Saya Kehilangan Selera untuk Menonton Film Romansa

Jihan Dzahabiyyah
5 min readApr 16, 2024

--

Libur lebaran tahun ini saya habiskan dengan menonton banyak film dan serial tv. Jumlah yang cukup banyak untuk membuat otak saya mabok film, sekitar 5 film atau 7 episode per hari. Genre yang saya tonton pun beragam, mulai dari horror, petualangan, teka-teki, slice of life, peperangan, dan lain sebagainya kecuali romansa, saya rasa.

Saya rasa ada yang mulai bergeser dari selera saya. Dulu, saya adalah pengagum bacaan dan film-film romantis. Rasanya senang sekali menonton dan mengetahui akhir cerita yang bahagia. Saya menikmati proses romantis dalam film, seperti menghabiskan waktu bersama dengan mengobrol, menyusuri kota, menatap langit bersama, makan malam berdua, dan lain sebagainya. Hal tersebut terasa nyata sampai-sampai sebenarnya mudah saja untuk dilakukan di dunia nyata.

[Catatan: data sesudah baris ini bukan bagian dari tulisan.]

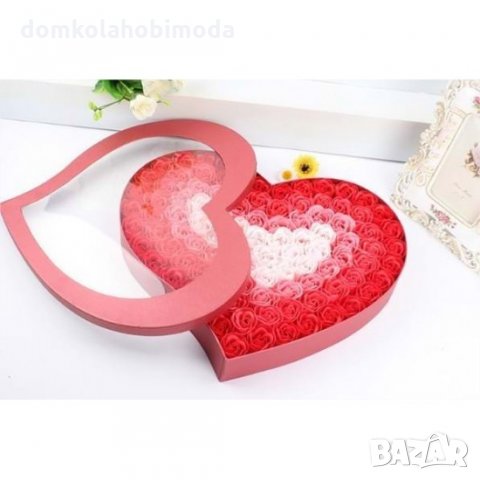 Сърце от рози 40 см / 36 см Червено , Розово , снимка 4 - Изкуствени цветя - 28034929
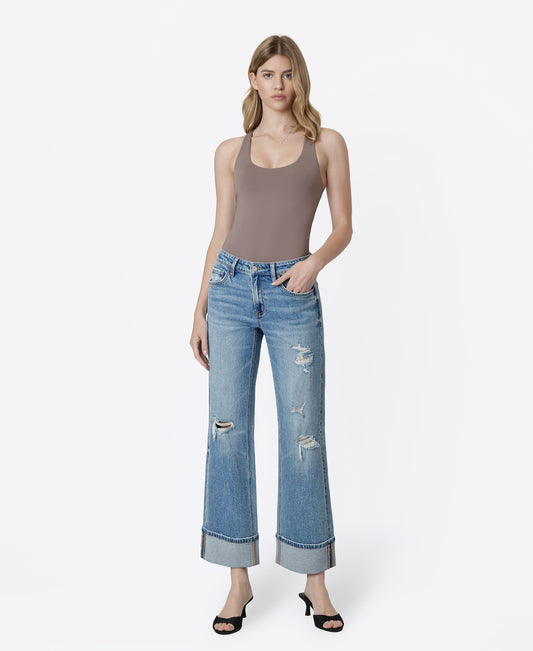 Front product images of Glitz - Mid Rise Distressed Cuffed Slim Wide Leg Jeans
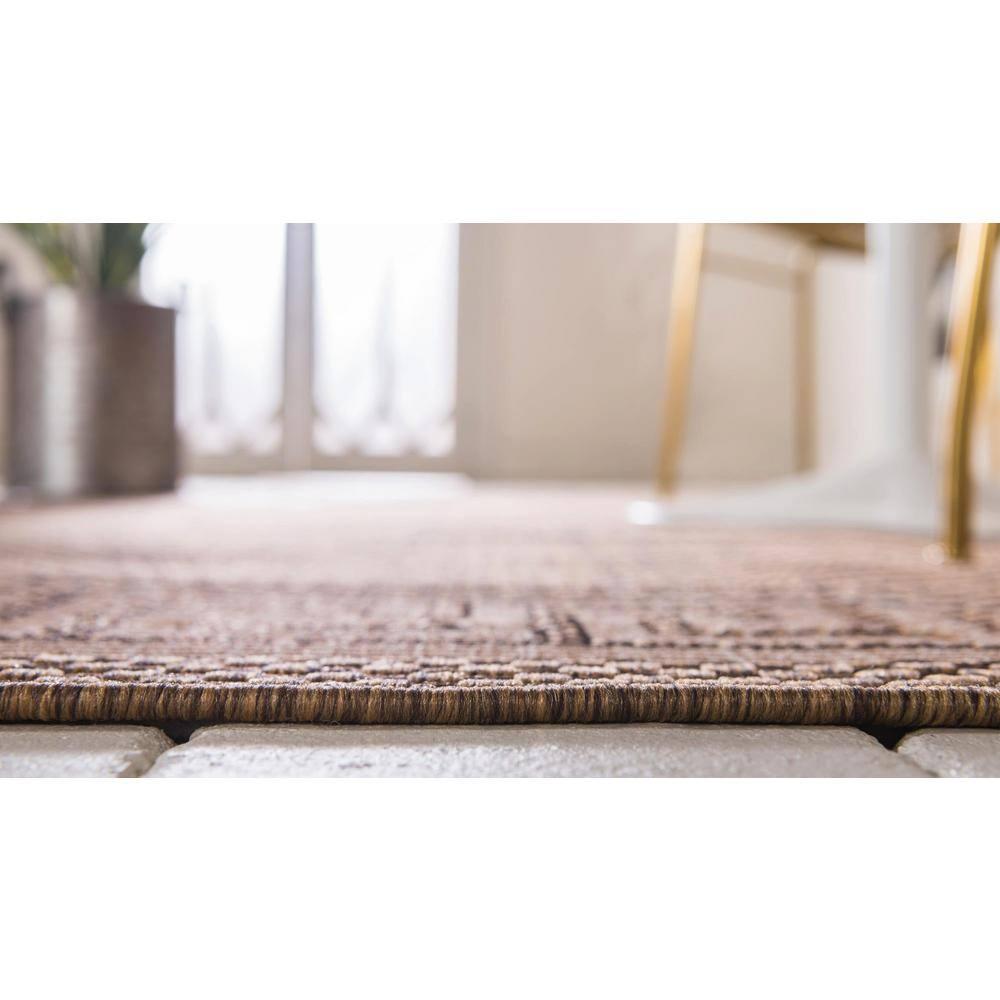 Unique Loom 3' 3 x 5' 1 Brown Outdoor Border Greek Key Area Rug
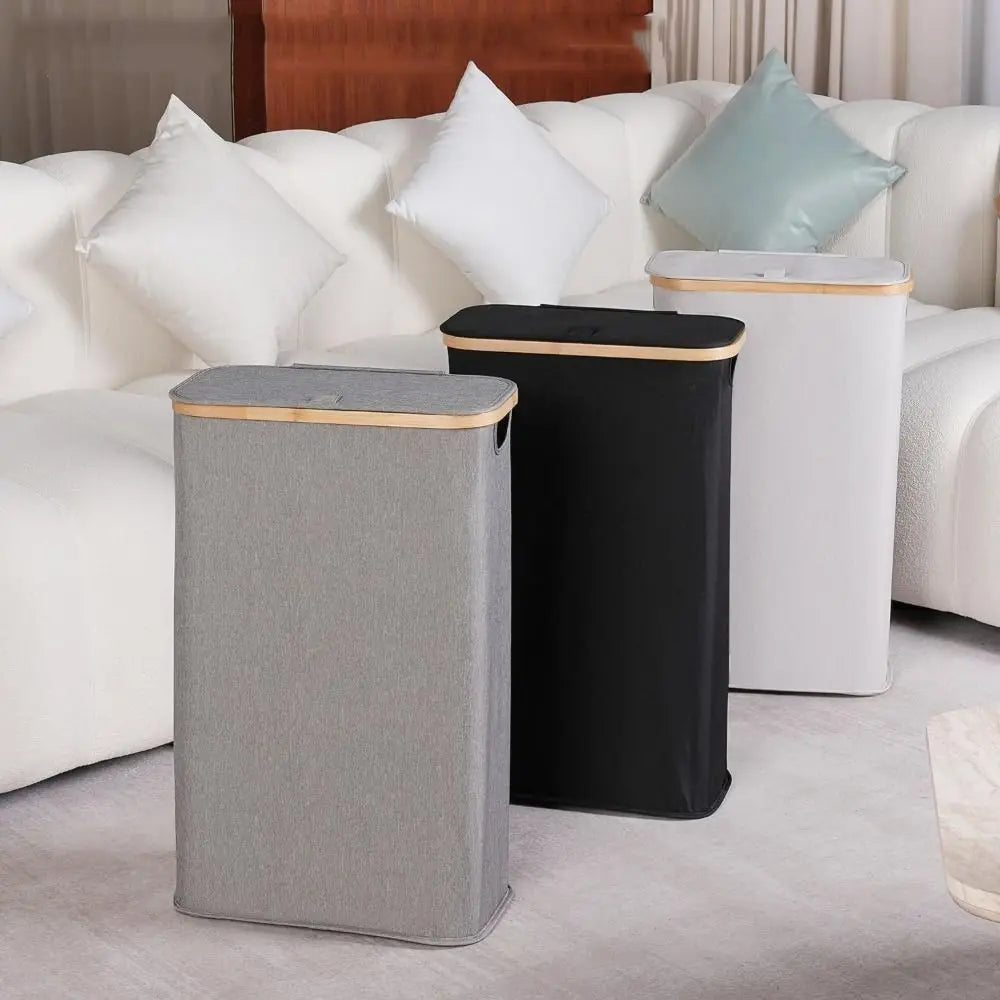 Collapsible Slim Laundry Hamper with Lid Bamboo Handles Removable Inner Bag Clothes Basket Bin Foldable Freestanding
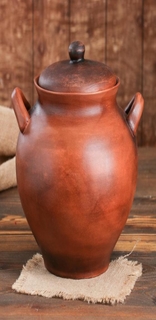 Горшок духовой "Гладкий", красная глина, 5 л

Aspirasi akan kegiatan-kegiatan romantis tersebut bertahan dalam benak saya sampai saya menonton salah satu episode dalam serial tv yang bertajuk House (2004–2012). Tokoh utama tersebut pada season 7 akhirnya punya pacar. Pacarnya memimpikan kondisi ideal yang ia inginkan di masa depan ketika nantinya masih berpacaran dengan si tokoh utama. Dalam mimpinya si pacar, hal ini terasa janggal. Si tokoh utama dalam mimpi pacarnya berujar “Perempuan bisa memimpikan apa pun.” Sontak si pacar langsung bangun dari tidurnya.

Sepenggal dialog tersebut membuat saya berpikir. Ya, perempuan memang punya aspirasi kebahagiaan emosional dalam cinta erotis dengan laki-laki. Tidak ada yang salah dengan hal tersebut sejauh ini menurut saya.

Serial TV House Season 7 (2004–2012)

Yang salah adalah diri saya yang kerap kali — oh, tidak. Saya harus akui sering — terjebak dalam ekspektasi cinta romantis seperti di film-film ketika akhirnya hendak memulai menjalin hubungan dengan laki-laki. Saya harus ceritakan beberapa tetapi saya tidak akan menyebutkan nama.

Kasus Pertama:

Waktu itu saya sedang dekat dengan seorang teman laki-laki. Dia lebih tua beberapa tahun dari saya. Tidak terlalu jauh. Kami beberapa kali pergi bersama. Namun tidak terlalu intense. Kami tidak pernah pergi hanya sekedar untuk jalan-jalan. Pasti ada tujuan dan urusan yang jelas.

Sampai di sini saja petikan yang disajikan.